I am using the foreign function interface in CMU CL to do some low
level I/O. However, it seems like calls to a foreign function are
*horribly* costly. I'm hoping I'm doing something wrong. The following
is a simple experiment:
C module:
void
ipu_nop()
{
}
Lisp:
(def-alien-routine ("ipu_nop" ipu-nop) void)
and then
(defun test-ff ()
(loop repeat 1024 do (ipu-nop)))
This little piece of code takes 60 seconds to run on an Ultra-1!
* (time (test-ff))
Compiling LAMBDA NIL:
Compiling Top-Level Form:
Evaluation took:
60.03 seconds of real time
0.0 seconds of user run time
0.0 seconds of system run time
0 page faults and
23209144 bytes consed.
NIL
That is 0.05 seconds per call!
Am I doing something wrong or is it this bad?
Johan Parin
Ericsson AXE Research & Development, Stockholm, SWEDEN
From: Raymond Toy
Subject: Re: FF interface in CMU CL - horribly inneficient?
Date:
Message-ID: <4nafg47fbr.fsf@rtp.ericsson.se>
>>>>> "Johan" == Johan Parin <······@uab.ericsson.se> writes:
Johan> C module:
Johan> void ipu_nop() { }
Johan> Lisp:
Johan> (def-alien-routine ("ipu_nop" ipu-nop) void)
Johan> and then
Johan> (defun test-ff ()
Johan> (loop repeat 1024 do (ipu-nop)))
Johan> This little piece of code takes 60 seconds to run on an
Johan> Ultra-1!
Johan> * (time (test-ff))
Johan> Compiling LAMBDA NIL: Compiling Top-Level Form: Evaluation
Johan> took:
Johan> 60.03 seconds of real time
Johan> 0.0 seconds of user run time
Johan> 0.0 seconds of system run time
Johan> 0 page faults and 23209144 bytes consed.
Johan> NIL
On an Ultra-1 I have here, it only takes 11 sec to run. What version
of CMUCL are you running? This is 18a plus some stuff.

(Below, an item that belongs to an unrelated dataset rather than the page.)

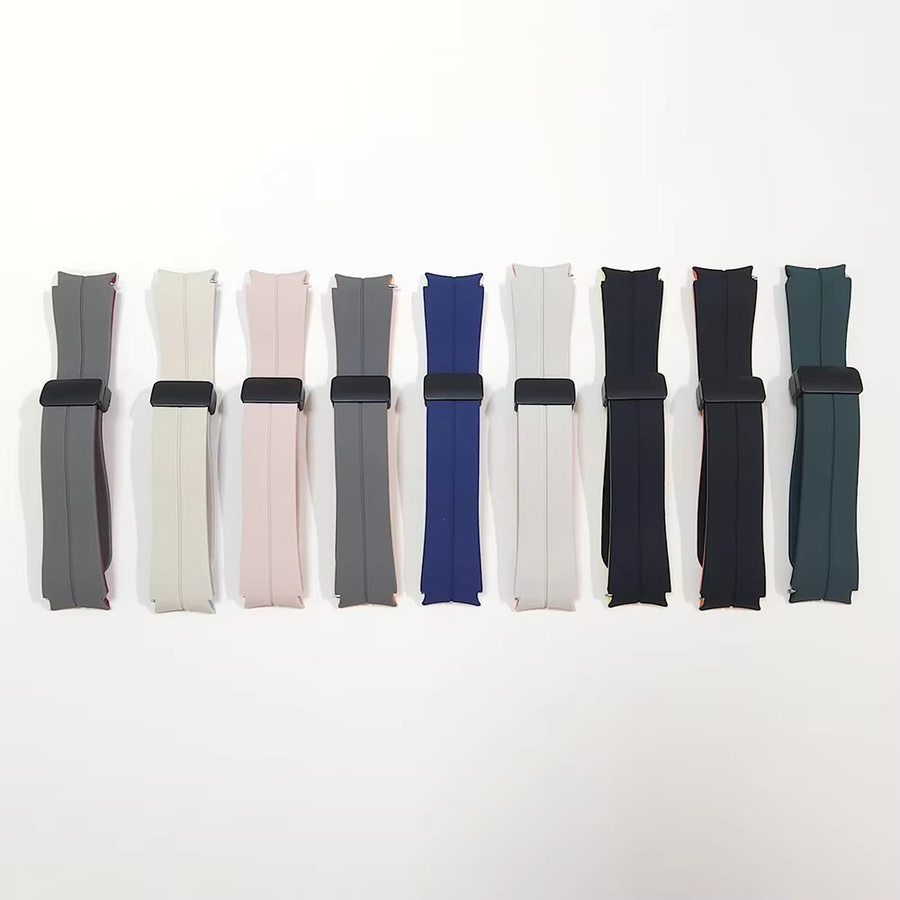 Samsung Uhrenarmband Silikon, Magnetisches D-Schnallenband, Unisex - Bild 1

However, you should get MUCH better times if you compile the Lisp
code. When I just compile the def-alien-routine, the time goes from
11 sec to 0.05 sec and only 24000 bytes consed. If I also compile
test-ff, the time drops to 0.001 sec and only 48 bytes consed. This
doesn't seem too slow to me.
Ray
Raymond Toy <···@rtp.ericsson.se> writes:
>
> >>>>> "Johan" == Johan Parin <······@uab.ericsson.se> writes:
>
>
>
> On an Ultra-1 I have here, it only takes 11 sec to run. What version
> of CMUCL are you running? This is 18a plus some stuff.
>
> However, you should get MUCH better times if you compile the Lisp
> code. When I just compile the def-alien-routine, the time goes from
> 11 sec to 0.05 sec and only 24000 bytes consed. If I also compile
> test-ff, the time drops to 0.001 sec and only 48 bytes consed. This
> doesn't seem too slow to me.
>
On top of that, I fail to see the point of using the FFI to do "low
level i/o" in CMUCL. The code you will come up with will be
unportable anyway, so why not just use the UNIX interface in CMUCL?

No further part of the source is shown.